Most individuals with some level of involvement with data
warehouses, from a technical or business perspective know
of the term “meta data”. When asked to define
“what is meta data” most of these individuals
can reiterate the common definition “Data about data”.
Still some have an even deeper understanding on this subject
and the various categories of meta data. These categories
often break into two areas, technical and business. Technical
meta data is most often used by the technical analysts for
development and maintenance of the data warehouse. Examples
such as:
- Physical table and column names
- Data mapping and transformation logic
- Source systems
- Foreign keys and indexes
- Security
- ETL process names
- etc.
Followed by business meta data, typically used by the end
users of the data warehouse for access and navigation. Examples
such as:
- Business terms and definitions for tables and columns
- Subject area names
- Query and report definitions
- Report mappings
- Data Stewards
- etc.
Many data warehouse projects employ the use of a meta data
repository to capture, store, and provide access to this information
for both business and technical user requirements. The repository
serves as the information card catalog for the warehouse environment
providing a table of contents, or index, to the real data
stored in data warehouse. While meta data repository products
exist in the market today, many of these tools do not interface
easily with other products of the warehouse architecture (e.g.,
ETL, OLAP). Standardization efforts currently in progress,
such as Common Warehouse Metamodel (CWM), should bring a greater
level of integration bring all products.
Operational Meta Data
Even with a standardized meta data repository, a data warehouse
architect can still add a further level of detail into their
warehouse data model and ETL process designs through the incorporation
of operational meta data. This technique can be used as an
extension of the design and architecture of the data warehouse
that provides processing optimizations in data acquisition
design, maintenance activities and end user reconciliation
and auditing of information.
Operational meta data provides an additional bridge between
the meta data repository and the data warehouse through the
addition of physical columns into the design for ease of use
by both business and technical users.
- Operational meta data, unlike information stored in the
meta data repository, is referenced at a row level of granularity
in the data warehouse.
- Operational meta data provides a detailed row level explanation
of actual information content in the data warehouse.

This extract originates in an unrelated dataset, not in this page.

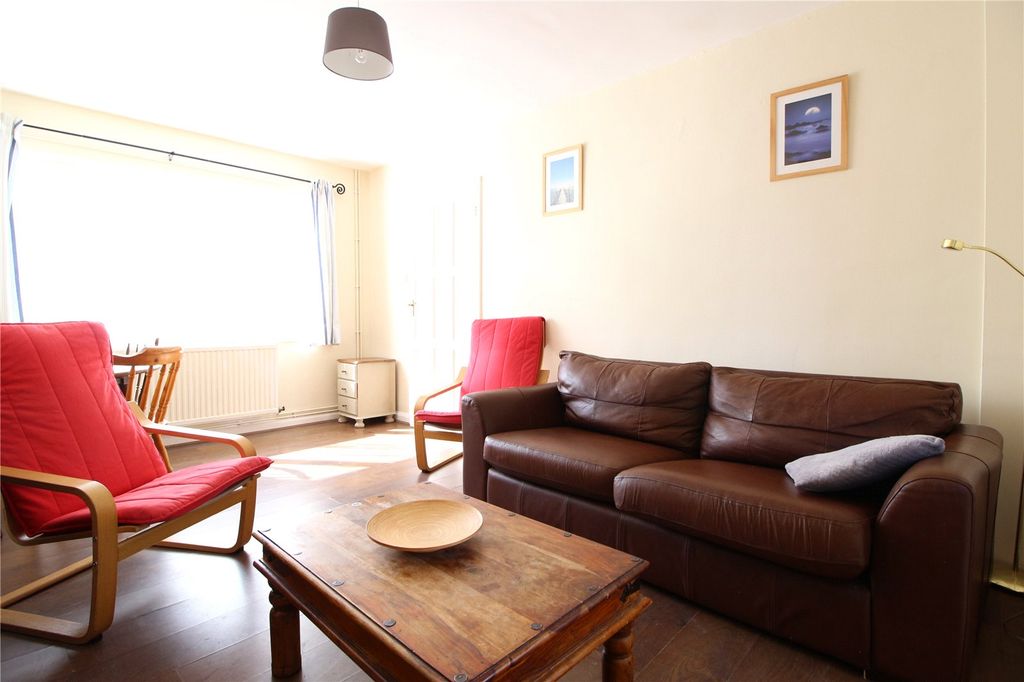 Property photo 2 of 14 Picture No. 28
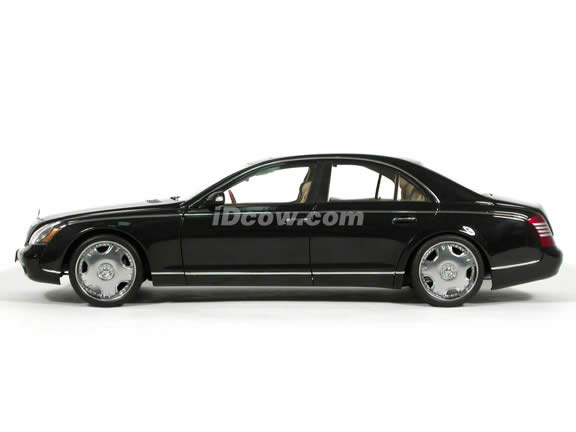 2004 Maybach 57 diecast model car 1:18 scale with 22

This direct association to each row of information in the
warehouse is operational meta data’s key design distinction.
Incorporation of Operational Meta Data
There are varieties of operational meta data columns that
can utilized in the design of the data warehouse to enhance
automated support. Depending on the business requirements
of the warehouse project, inclusion of certain columns may
make more or less sense to use. Incorporation of these fields
would normally occur during the transformation of the business
logical data model into the dimensional or data warehouse
data model. Some of the more prevalent columns used are listed
below.
- Load Cycle Identifier
- Current Flag Indicator
- Load Date
- Update Date
- Operational System(s) Identifier
- Active in Operational System Flag
- Confidence Level Indicator
Load Cycle Identifier
One of the operational meta data columns a data warehouse
architect can incorporate is the load cycle identifier. This
column is a sequential identifier assigned during each load
cycle to the data warehouse regardless of the refresh frequency.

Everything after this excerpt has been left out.